As the adage goes, “watch what he does, not what he says.”
But the Nobel is not a prize for speechifying, and it’s not a prize for promises. Not words, but actions, have been recognized in the past. US President Woodrow Wilson won the prize because he founded the League of Nations, a precursor to the United Nations. Martin Luther King was honoured because he fought for the rights of blacks, and Lech Walesa for the rights of workers oppressed by communism. German Chancellor, and Nobel laureate Willy Brandt scraped the ice off the relationship with the Soviet Union. His most important achievements were finalized long before he made the trip to Oslo.
Obama doesn’t fit in among these greats, for two reasons. First of all, he hasn’t had any real foreign policy successes yet. How could he? He’s been in office for barely a year. “I am at the beginning, and not the end, of my labors on the world stage,” he admitted today.

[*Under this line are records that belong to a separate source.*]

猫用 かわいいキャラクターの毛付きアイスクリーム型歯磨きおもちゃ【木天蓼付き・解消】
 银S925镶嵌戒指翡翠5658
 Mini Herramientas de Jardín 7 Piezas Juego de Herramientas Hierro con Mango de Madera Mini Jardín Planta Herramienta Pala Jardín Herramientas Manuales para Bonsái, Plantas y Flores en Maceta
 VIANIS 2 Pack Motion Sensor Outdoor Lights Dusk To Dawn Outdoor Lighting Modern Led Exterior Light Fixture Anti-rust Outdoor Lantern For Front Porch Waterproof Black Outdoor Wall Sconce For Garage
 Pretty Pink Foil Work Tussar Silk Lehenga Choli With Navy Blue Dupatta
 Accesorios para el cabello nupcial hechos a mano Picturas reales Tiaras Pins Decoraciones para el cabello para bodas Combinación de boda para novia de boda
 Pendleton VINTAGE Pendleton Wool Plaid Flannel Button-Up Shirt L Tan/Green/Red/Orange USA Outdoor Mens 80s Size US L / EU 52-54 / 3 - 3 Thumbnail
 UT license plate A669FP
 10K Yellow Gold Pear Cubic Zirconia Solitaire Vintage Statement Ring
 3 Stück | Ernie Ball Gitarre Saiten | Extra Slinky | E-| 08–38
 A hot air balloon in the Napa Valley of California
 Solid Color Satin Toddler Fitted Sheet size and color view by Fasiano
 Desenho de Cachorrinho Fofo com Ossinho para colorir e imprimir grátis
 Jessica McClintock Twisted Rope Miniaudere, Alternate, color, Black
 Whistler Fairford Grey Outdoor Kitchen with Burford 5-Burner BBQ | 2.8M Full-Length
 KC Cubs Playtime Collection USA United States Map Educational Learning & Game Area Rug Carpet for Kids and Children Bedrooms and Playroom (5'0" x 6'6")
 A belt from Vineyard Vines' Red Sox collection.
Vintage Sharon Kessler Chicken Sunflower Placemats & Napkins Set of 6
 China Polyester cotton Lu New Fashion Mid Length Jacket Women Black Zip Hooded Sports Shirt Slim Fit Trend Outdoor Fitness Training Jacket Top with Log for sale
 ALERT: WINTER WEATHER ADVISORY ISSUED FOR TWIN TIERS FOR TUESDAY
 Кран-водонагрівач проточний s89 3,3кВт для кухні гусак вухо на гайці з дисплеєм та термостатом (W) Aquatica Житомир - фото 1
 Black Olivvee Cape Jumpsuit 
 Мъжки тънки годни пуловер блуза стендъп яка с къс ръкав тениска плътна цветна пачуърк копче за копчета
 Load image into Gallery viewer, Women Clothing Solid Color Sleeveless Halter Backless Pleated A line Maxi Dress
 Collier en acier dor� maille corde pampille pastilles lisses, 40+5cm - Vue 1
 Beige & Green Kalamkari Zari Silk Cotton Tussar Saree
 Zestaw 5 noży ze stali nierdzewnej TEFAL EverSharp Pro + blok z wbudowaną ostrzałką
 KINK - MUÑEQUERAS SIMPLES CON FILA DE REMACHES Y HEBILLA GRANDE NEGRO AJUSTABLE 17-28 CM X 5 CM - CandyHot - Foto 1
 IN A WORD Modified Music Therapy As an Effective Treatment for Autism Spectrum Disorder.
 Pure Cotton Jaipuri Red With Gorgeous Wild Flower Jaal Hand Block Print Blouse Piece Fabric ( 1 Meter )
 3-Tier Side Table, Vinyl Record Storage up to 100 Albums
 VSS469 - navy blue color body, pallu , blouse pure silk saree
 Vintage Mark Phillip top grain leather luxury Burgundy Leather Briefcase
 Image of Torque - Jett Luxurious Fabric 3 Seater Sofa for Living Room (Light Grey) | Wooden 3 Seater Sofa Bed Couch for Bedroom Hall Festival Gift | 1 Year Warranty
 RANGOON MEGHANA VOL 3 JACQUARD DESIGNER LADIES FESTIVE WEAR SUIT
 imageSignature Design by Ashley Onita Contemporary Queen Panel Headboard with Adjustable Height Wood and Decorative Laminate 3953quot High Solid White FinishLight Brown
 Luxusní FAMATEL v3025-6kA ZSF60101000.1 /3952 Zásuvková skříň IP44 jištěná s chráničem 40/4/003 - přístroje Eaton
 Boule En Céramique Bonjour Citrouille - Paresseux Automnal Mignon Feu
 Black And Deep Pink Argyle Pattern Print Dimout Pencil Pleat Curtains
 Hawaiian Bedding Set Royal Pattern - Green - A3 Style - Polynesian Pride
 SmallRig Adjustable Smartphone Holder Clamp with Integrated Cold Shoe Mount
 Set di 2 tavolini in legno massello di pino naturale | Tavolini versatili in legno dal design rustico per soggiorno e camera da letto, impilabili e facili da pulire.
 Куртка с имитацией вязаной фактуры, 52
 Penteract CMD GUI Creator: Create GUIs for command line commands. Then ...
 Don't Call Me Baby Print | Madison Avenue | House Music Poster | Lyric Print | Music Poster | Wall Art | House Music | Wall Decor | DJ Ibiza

The second reason is more problematic: For the first time, a man is being recognized who wants peace but prepares for war. Fifteen-thousand additional US troops are receiving their deployment orders right now, and 15,000 more Americans and as many as 7,000 Europeans will soon follow. If the Nobel Prize Committee thought their decision would hasten America’s withdrawal from Afghanistan, it miscalculated. America isn’t governed from Oslo.
Why is it that journalists from afar can see through a facade without hesitation?
The Nobel Prize was, in its better days, always this: A medal for those who took the difficult path.